Let me say quite clearly as a Liberal voter, now in Tony Abbott’s electorate, that I will vote informal if the government persists with its age pension policy. I cannot square my conscience with a policy of progressive and continual reductions in the aged pension against community standards.

Joe Hockey is out there, stridently defending the fairness of the budget without referring to the cuts in the pension. Does he think people won’t notice? I heard Christopher Pyne a short while ago saying it was wicked to suggest that old age pensions were to be cut. No Mr Pyne, it is wicked to cut them and pretend it won’t happen because they will be indexed by the CPI. To reiterate, that is cutting them by around 1.5% a year; by 25% each twenty years.

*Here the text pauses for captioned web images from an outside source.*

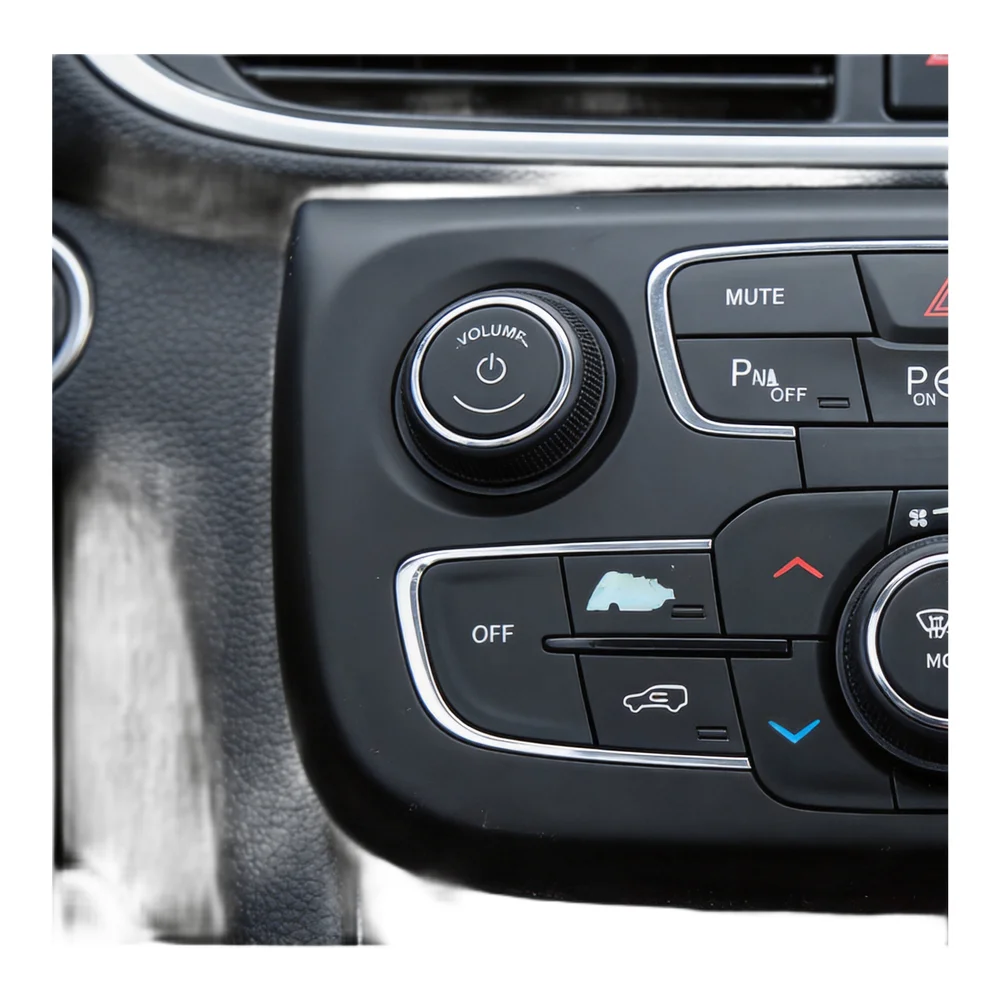 Black Vinyl Sticker for AC Reversing Button on For Jeep Compass 2017-2021 Interior Climate Control Panel Decoration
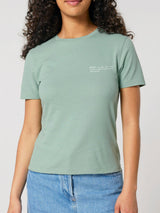Immaculate Vegan - Women's Organic Cotton Fitted T-Shirt | Aloe Green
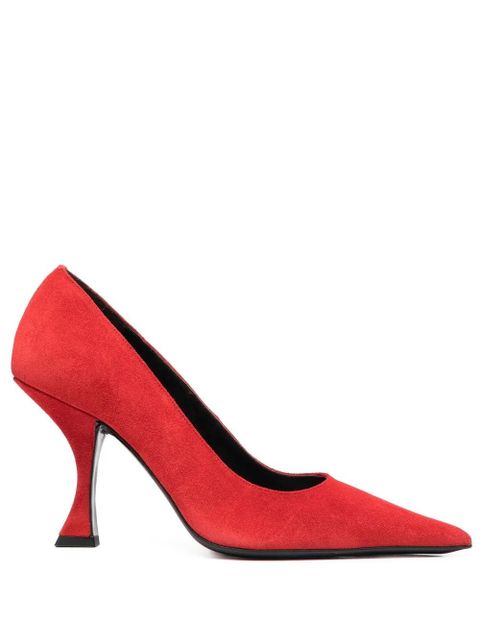 BY FAR 95mm Viva pointed-toe pumps - Red - zdjęcie produktu nr 1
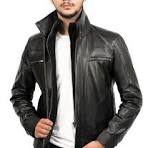 leather fashion jacket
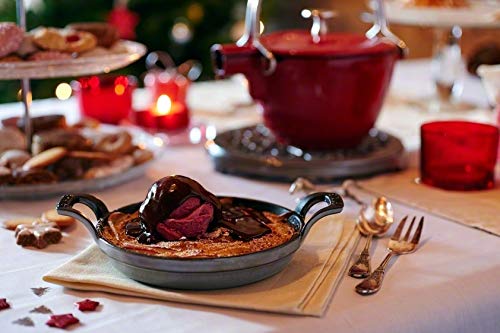 STAUB Fuente Redonda apilable, Hierro Fundido, Negro, 20 cm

Let me end about the same place I began. Am I the only conservative with a basic knowledge of economic statistics and arithmetic? Or, alternatively, the only one who doesn’t robotically toe the party line? Or, alternatively, the only one wanting to see the Abbott government re-elected? Take your pick.

Declaration: I live in modest circumstances, the courtesy of bad management and two marital breakdowns. However, I downsized sufficiently so that I do not qualify for the aged pension and, the great uncertainties of life aside, nor do I expect to. In other words, my concern is purely and objectively and altruistically about public policy.

 

 

One thought on “How To Lose Votes And Alienate People

  • Elizabeth Beare says:

    Get rid of all the climate boondoggling and other wastage and there would be sufficient for all Aged Pensioners to get the comforts they deserve. Taking from the struggling older population is a sign of cultural decline. Declaration: we live well because we have squirreled away enough to have no need of nor truck with government handouts. Not a penny of it. Like many other self-funded retirees. And yet they are coming for us already with their taxes on Super income Next is death duties,.
    They’ll get us in the end. Nothing is surer than death and taxes. Oh well… carpe diem.